Perfect system, right? Everyone today has big hard drives with tons of free room, but it is useless to them because backing up your hard drive to your own hard drive is worthless. Everybody today has tones of unused bandwidth at night too.
 

Name:
BACKUPCOOP.COM

Problem:
This summer I had to recover 6 (so far) hard drives for friends who had disk crashes and had super important info on the drives and didn't do backups.



Idea:
Write a super-simple app that people can install with a click that will automatically take care of backups for them with no external hardware or costs. It also *must* be able to backup open files or else PST files never get backed up.

How:
You decide how much data you need to backup -typically 10gb for stuff like My Documents and a PST file. You tell program which files/dirs you want to backup. Every night, it backs up your data too your backup-buddy's hard drive and backs up his data to your drive. Total cost to you is 10GB hard drive space and some bandwidth at night.

You can either pick your own partner machine (you could explicitly set up your home machine to partner with your work machine), or have the system pick one automatically based on your geographic location, backup set size, and network connection type.

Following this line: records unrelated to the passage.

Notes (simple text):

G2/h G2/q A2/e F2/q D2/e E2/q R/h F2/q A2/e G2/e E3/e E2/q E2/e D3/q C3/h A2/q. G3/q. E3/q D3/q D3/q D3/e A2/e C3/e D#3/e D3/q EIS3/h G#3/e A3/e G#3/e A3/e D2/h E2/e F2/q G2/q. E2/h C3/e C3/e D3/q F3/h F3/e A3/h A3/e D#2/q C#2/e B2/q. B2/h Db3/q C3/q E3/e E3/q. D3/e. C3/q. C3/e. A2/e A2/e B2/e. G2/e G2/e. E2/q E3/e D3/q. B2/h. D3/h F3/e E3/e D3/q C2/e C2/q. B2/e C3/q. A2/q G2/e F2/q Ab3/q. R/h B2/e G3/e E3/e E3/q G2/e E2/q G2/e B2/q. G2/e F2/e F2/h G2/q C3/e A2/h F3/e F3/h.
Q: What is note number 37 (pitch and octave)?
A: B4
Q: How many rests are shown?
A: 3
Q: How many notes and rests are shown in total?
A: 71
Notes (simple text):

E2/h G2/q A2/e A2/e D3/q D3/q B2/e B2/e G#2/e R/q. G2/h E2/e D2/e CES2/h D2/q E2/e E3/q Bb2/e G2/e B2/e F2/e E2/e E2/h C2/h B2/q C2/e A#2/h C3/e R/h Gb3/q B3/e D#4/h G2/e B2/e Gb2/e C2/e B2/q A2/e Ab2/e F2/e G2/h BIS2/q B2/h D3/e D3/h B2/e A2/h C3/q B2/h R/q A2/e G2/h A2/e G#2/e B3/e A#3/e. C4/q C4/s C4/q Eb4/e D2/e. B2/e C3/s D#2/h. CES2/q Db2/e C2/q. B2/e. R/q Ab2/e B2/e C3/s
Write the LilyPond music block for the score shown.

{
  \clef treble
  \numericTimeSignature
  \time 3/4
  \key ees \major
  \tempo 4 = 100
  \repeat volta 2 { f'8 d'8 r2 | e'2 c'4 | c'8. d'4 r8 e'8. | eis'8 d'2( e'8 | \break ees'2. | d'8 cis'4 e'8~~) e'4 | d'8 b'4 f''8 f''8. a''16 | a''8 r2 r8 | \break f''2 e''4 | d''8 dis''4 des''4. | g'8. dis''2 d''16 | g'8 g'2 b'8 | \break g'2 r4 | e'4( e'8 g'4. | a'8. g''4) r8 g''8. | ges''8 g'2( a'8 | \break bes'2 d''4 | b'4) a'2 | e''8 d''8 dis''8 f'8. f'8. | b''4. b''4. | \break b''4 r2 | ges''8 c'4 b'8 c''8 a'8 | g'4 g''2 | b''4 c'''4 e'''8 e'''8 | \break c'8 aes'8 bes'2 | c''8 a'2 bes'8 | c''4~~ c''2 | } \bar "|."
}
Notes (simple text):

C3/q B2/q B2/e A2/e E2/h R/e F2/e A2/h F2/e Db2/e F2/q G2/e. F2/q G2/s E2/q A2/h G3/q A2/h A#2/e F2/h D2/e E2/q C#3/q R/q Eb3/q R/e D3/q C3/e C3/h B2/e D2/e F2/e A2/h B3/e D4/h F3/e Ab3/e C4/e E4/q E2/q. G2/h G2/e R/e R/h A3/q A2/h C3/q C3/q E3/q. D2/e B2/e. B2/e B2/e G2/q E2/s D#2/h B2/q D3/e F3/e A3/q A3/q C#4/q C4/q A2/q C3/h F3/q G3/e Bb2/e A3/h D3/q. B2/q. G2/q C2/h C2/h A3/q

Everything is super encrypted. System never even knows your password (never leaves your local machine), so everything is very safe. Once it is set up, you never need to do anything else unless there is a problem. Pretty much the only problem you can have is if you can't connect to the partner machine for x number of days. It automatically gets past NAT using tricks, or finds a partner machine that is not behind NAT as a last resort.

You can set up multiple relationships if you want redundancy.

Notes:
There is already something that is almost exactly right, but just not quite. It doesn't do open files, it is not easy, and it requires that you give back 10x the space you want to use.

The whole thing will be open source so other people can check that it really does what it ways. Also hopefully people will set up a linux boxes with giant hard drives in abandoned coal mines and will let you partner with them for a fee. Other people will hopefully write Mac and Linux clients.

Sound good?

Links:

http://allmydata.com
Interesting, but not quite there yet. Makes a new drive rather than backing up you existing data. Also, the 10x1 requirement seems to steep. Not sure how it deals with open files.

http://www.carbonite.com/default.aspx
Only for photos and stuff like that. Looks great, but not free and probably does not deal with open files correctly.

http://www.techsoftpl.com/backup/index.htm
Not free. You have to have two computers, no way to use other peoples' hard drives for diversity.

http://www.drivesnapshot.de/en/backup.htm
Not free and only backs up to local media, but good model for how to correctly access open files.

http://ask.slashdot.org/article.pl?sid=05/07/22/187217&tid=198&tid=95&tid=4
Slashdot weighs in.

http://66.102.7.104/search?q=cache:-xN1AjFvKwIJ:rob.infinitepigeons.org/wiki/BackupCloud%3Fversion%3D7%26action%3DRelatedChanges+backup+cloud+rsync+torrent&hl=en&client=firefox-a
I'm not the first one to have this idea, but it seems like so far no one has yet implemented it successfully.

https://secure.logmein.com/go.asp?page=products_backup
I love the LogMein remote control software, so maybe this will be good enough that I don't have to write BackupCoop after all!

http://www.sparebackup.com/Products.aspx
Yet another service that looks like it might have the right ingredients, but at $1.99/month/Gb it doesn't seem any better than what Mosy offers for free.